The Food and Drug Administration (FDA) recently warned that some implantable defibrillators manufactured by St. Jude Medical may be defective.
These implantable devices are used to provide pacing for patients with slow heart rhythms, and electrical shock or pacing the hearts of patients with extremely fast heart rhythms, according to the FDA. Both devices are implanted in the chest with wires that go into the heart, according to Contemporary Clinic.Both devices have experienced issues with the lithium-based batteries that provide their power. The FDA and St. Jude Medical are now warning that battery replacement indicator alerts must be addressed immediately.
The battery alert typically allows a three-month lead time for battery replacement, but some batteries have lost power in as little as 24 hours from the time the patient received the the alert. A chemical reaction that causes deposits of lithium can cause a short circuit in the device that is responsible for the rapid battery failure.

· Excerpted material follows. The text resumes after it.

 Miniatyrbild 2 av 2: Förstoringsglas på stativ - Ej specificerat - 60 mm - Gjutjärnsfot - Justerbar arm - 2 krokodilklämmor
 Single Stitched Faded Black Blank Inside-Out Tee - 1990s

Full battery drainage can occur within one day to a few weeks after the alert is received, according to the FDA. If the battery drains quickly, the device will not be able to perform the necessary pacing or shocks, and this could lead to the patient’s death.
According to the FDA, 398,740 defective devices have been sold worldwide, but only 841 defibrillators have been returned because of premature battery drainage thus far. Thus far, two deaths have been associated with a device not delivering the necessary shock due to battery drainage. An additional 10 patients have fainted because the device did not providing pacing therapy, the FDA reported. Thirty-seven patients report they experienced dizziness from lack of pacing. The FDA said more patients may have been affected because it is likely that not all instances of battery depletion were reported.

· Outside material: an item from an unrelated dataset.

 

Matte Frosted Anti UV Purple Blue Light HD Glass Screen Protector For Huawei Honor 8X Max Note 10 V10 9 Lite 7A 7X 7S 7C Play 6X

St. Jude Medical recommends that patients program their device to deliver vibratory elective replacement indicator alerts, and use the St. Jude Medical home monitoring system to monitor battery status. Some patients, however, may not detect the alert before battery depletion, and monitoring may not be sufficient for patients who are dependent on the devices for pacing, according to the FDA. The FDA recommends that doctors consider determine whether their patient’s device should be replaced.
If a pacemaker-dependent patient has a device that has reached elective replacement indicator status, the FDA said this should be treated as a medical emergency, and the device should be replaced immediately.
The FDA will continue to monitor the affected devices for additional adverse events or deaths associated with battery depletion, according to Contemporary Clinic.